As mesas de debates trouxeram assuntos como inclusão social, pedagogia ecossistêmica, educação nas relações étnico-raciais e trabalho com os estudantes com deficiência. A Anne Frank teve a oportunidade de apresentar os importantes projetos desenvolvidos na escola, alguns deles em parceria com instituições públicas e privadas e outros com o apoio de pessoas da própria comunidade. Os projetos Rede Confisco pela Paz, Show da Paz, Semana do Livro Aberto, construção do Coletor de água de chuva, História do Bairro, entre outros, são alguns exemplos de projetos que valorizam e trabalham a autoestima dos estudantes.
A estudante Raianny Helena participou do projeto História do Bairro. Ela conta como foi a experiência de descoberta das origens do lugar onde mora: “Saímos pelo bairro para tirar fotos e entrevistamos algumas pessoas, moradores aqui do bairro que nós demos o nome de ‘pessoas-livro’, porque, em vez de buscar em livros, a gente buscou a informação das pessoas.
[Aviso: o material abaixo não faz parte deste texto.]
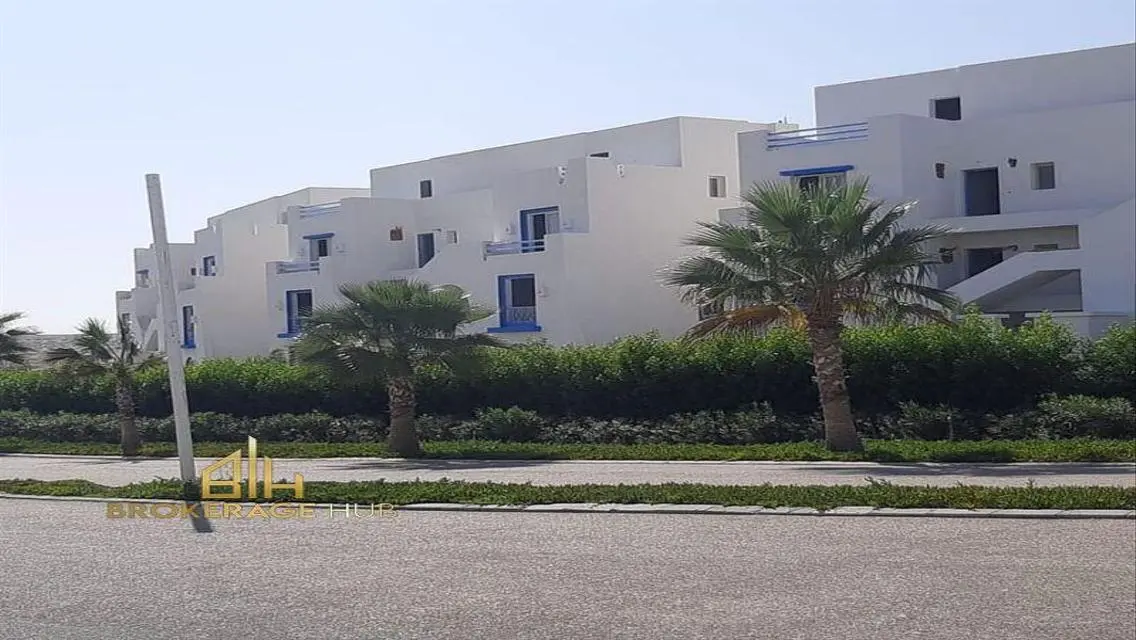 شالية للبيع لوكيشن سكالا ماونتن فيو رأس الحكمة,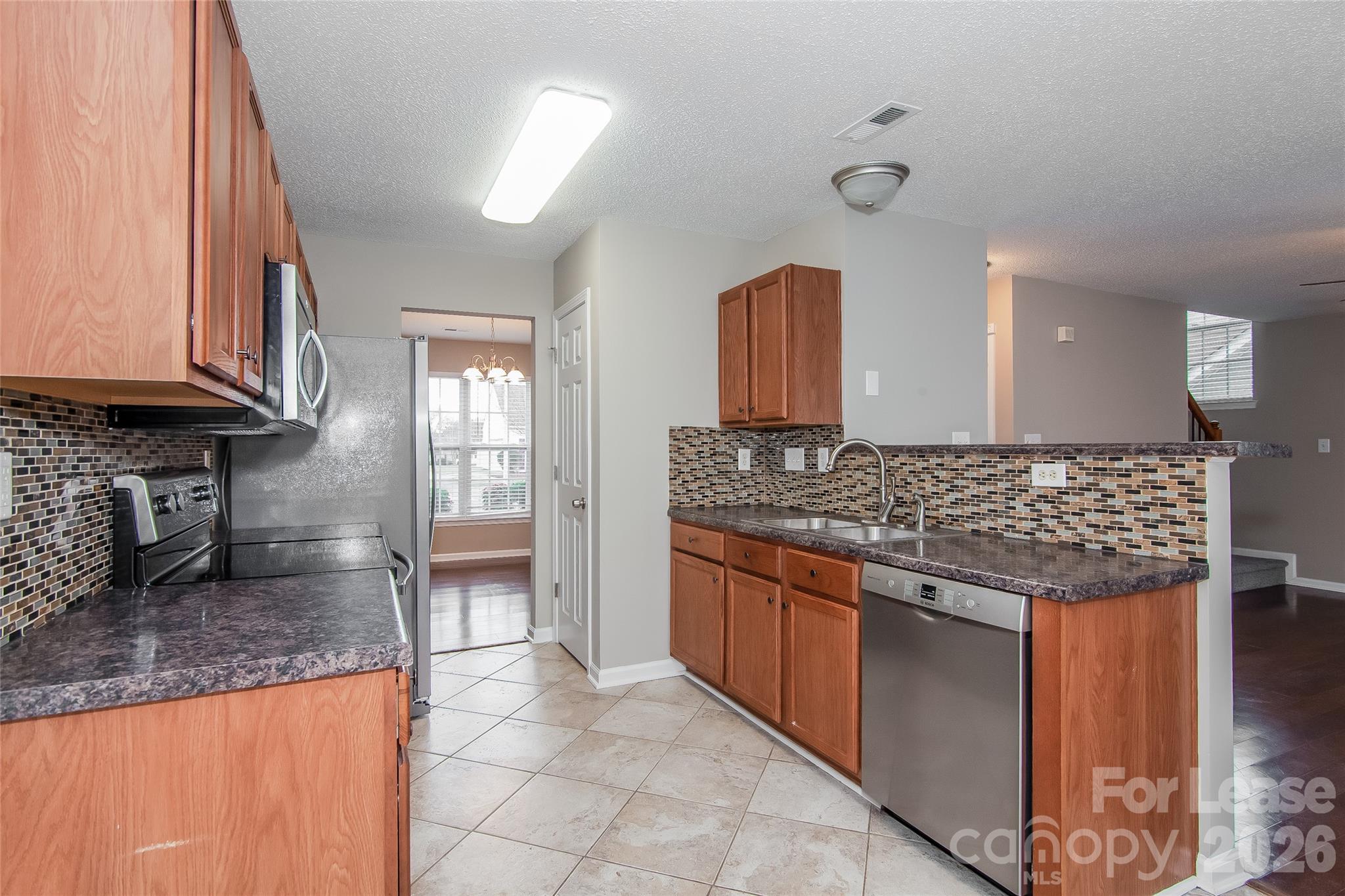 4019 Balsam Street Property Photo 6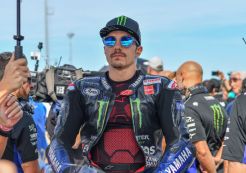 Maverick Vinales Angkat Topi Lihat Penampilan Quartararo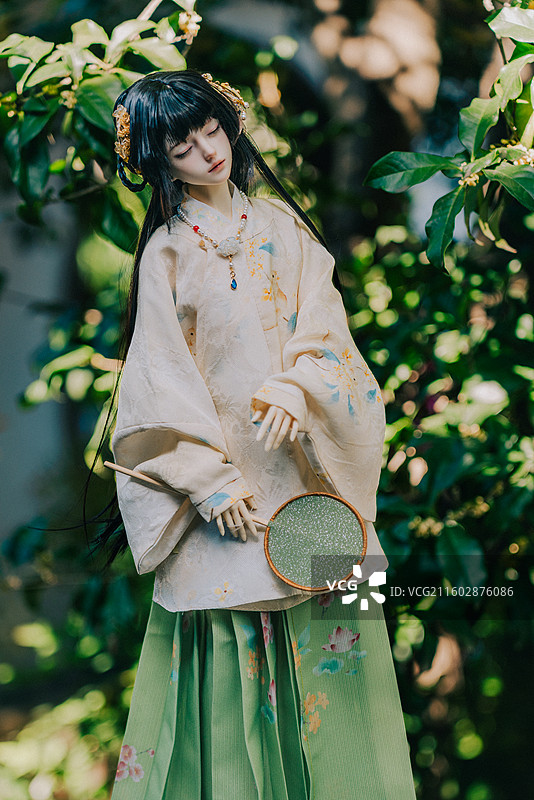 桂花树前汉服少女木偶特写图片素材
E o interessante foi que as pessoas-livro eram somente mulheres porque o bairro foi construído por causa das mulheres.”
Parcerias
Para Sandra Mara, a política educacional do município de Belo Horizonte favorece a intersetorialidade: “Nosso diferencial são as parcerias com a comunidade quando tratamos as questões com as quais nossos estudantes lidam, como violência, vulnerabilidade social, entre outros. Enquanto política pública, este trabalho intersetorial implementado pela Prefeitura de Belo Horizonte nos coloca em uma posição de destaque na área de educação.”
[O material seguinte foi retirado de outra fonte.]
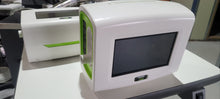 Load image into Gallery viewer, EOVE EO 150 Portable Ventilator
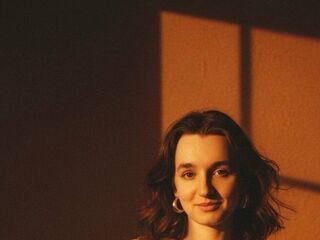 camslut showing tits LurlineSundling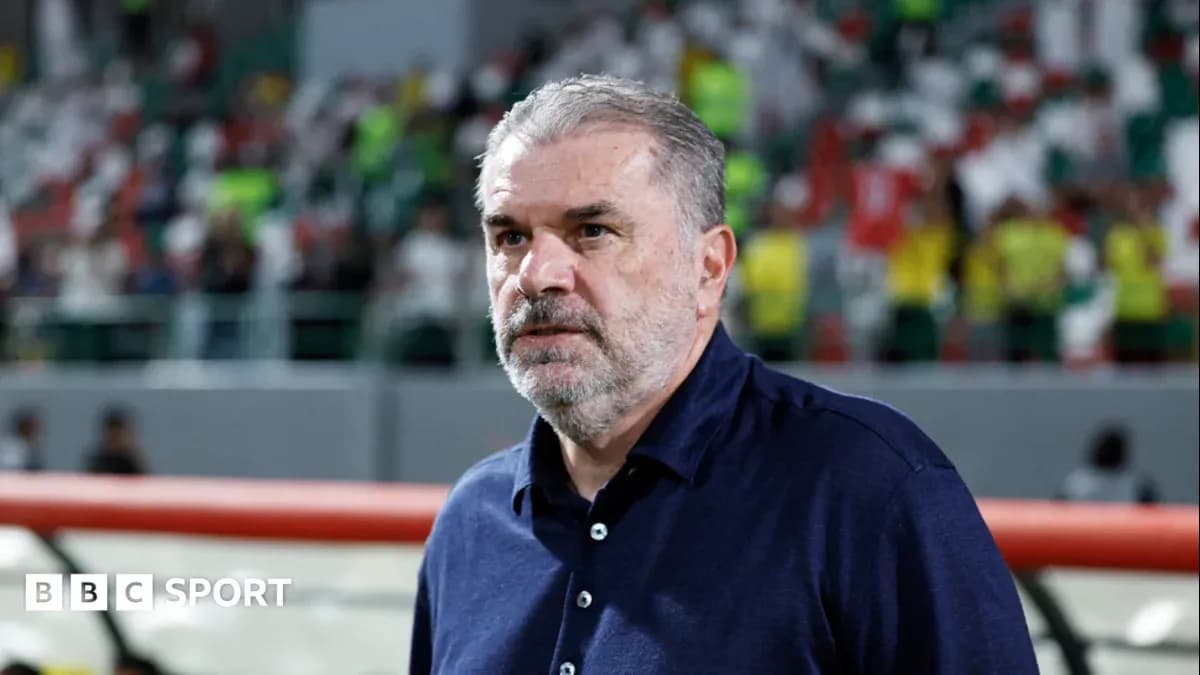 Murabbiy o'yin oldidan maydon bo'yida turibdi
Um dos grandes parceiros que a Anne Frank tem é Jacques Levy, presidente do Instituto Histórico Israelita Mineiro. A relação começou em 2009. “Procuramos apoiar as atividades desenvolvidas na escola e fazemos um trabalho social e cultural, doando livros, levando teatro; tem também um grupo de tambor e, sempre que possível, levamos os estudantes para atividades externas. Ao longo deste tempo, senti um crescimento e um amadurecimento da comunidade. Tenho visto uma evolução na juventude daquele bairro. A participação promove o crescimento intelectual”, avalia Levy.
Auxiliar de serviços gerais, Maria das Graças Silva Ferreira, a Graça do Confisco, mora no bairro desde 1994. A relação com a escola é intensa: tanto os três filhos quanto os cinco netos já estudaram ou ainda estudam lá. A própria Graça é estudante da EJA e participa ativamente das atividades na escola. “A Anne Frank sempre foi aberta à comunidade. Meu primeiro emprego foi nesta escola. É minha referência para tudo. Gosto de dizer que esta escola é o coração do bairro, porque ali pulsa tudo.”